## Given entries
┄┄┄┄┄┄┄┄┄┄┄┄┄┄┄┄┄┄┄┄

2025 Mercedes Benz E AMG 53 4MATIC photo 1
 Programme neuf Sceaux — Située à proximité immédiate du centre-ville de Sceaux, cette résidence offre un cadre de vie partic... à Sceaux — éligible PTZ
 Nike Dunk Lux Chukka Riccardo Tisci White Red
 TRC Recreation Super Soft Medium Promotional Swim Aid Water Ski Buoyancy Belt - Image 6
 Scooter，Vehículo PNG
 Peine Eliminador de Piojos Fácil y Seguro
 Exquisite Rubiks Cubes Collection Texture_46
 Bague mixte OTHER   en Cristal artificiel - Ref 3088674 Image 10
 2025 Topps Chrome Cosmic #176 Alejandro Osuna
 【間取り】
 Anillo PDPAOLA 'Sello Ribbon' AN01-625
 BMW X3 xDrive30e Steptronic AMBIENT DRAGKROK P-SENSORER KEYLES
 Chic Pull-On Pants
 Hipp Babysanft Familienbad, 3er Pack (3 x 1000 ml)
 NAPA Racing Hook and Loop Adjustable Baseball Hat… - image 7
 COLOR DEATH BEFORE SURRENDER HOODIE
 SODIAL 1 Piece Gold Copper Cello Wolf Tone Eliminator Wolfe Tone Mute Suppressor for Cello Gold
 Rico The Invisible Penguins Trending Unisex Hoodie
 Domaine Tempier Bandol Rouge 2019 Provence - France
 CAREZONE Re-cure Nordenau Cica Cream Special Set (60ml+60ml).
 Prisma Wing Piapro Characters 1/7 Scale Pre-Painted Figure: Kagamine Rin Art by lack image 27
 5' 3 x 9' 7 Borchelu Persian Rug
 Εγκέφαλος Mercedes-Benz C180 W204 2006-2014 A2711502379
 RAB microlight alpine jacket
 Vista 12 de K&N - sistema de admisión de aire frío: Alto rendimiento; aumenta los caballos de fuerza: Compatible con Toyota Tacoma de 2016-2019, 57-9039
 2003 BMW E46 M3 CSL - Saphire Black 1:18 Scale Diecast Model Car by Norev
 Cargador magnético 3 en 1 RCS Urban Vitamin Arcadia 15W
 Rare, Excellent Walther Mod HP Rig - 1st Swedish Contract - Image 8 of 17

┄┄┄┄┄┄┄┄┄┄┄┄┄┄┄┄┄┄┄┄

## Task instructions
Restate the records from above exactly as they read.

## Exercise output
2025 Mercedes Benz E AMG 53 4MATIC photo 1
 Programme neuf Sceaux — Située à proximité immédiate du centre-ville de Sceaux, cette résidence offre un cadre de vie partic... à Sceaux — éligible PTZ
 Nike Dunk Lux Chukka Riccardo Tisci White Red
 TRC Recreation Super Soft Medium Promotional Swim Aid Water Ski Buoyancy Belt - Image 6
 Scooter，Vehículo PNG
 Peine Eliminador de Piojos Fácil y Seguro
 Exquisite Rubiks Cubes Collection Texture_46
 Bague mixte OTHER   en Cristal artificiel - Ref 3088674 Image 10
 2025 Topps Chrome Cosmic #176 Alejandro Osuna
 【間取り】
 Anillo PDPAOLA 'Sello Ribbon' AN01-625
 BMW X3 xDrive30e Steptronic AMBIENT DRAGKROK P-SENSORER KEYLES
 Chic Pull-On Pants
 Hipp Babysanft Familienbad, 3er Pack (3 x 1000 ml)
 NAPA Racing Hook and Loop Adjustable Baseball Hat… - image 7
 COLOR DEATH BEFORE SURRENDER HOODIE
 SODIAL 1 Piece Gold Copper Cello Wolf Tone Eliminator Wolfe Tone Mute Suppressor for Cello Gold
 Rico The Invisible Penguins Trending Unisex Hoodie
 Domaine Tempier Bandol Rouge 2019 Provence - France
 CAREZONE Re-cure Nordenau Cica Cream Special Set (60ml+60ml).
 Prisma Wing Piapro Characters 1/7 Scale Pre-Painted Figure: Kagamine Rin Art by lack image 27
 5' 3 x 9' 7 Borchelu Persian Rug
 Εγκέφαλος Mercedes-Benz C180 W204 2006-2014 A2711502379
 RAB microlight alpine jacket
 Vista 12 de K&N - sistema de admisión de aire frío: Alto rendimiento; aumenta los caballos de fuerza: Compatible con Toyota Tacoma de 2016-2019, 57-9039
 2003 BMW E46 M3 CSL - Saphire Black 1:18 Scale Diecast Model Car by Norev
 Cargador magnético 3 en 1 RCS Urban Vitamin Arcadia 15W
 Rare, Excellent Walther Mod HP Rig - 1st Swedish Contract - Image 8 of 17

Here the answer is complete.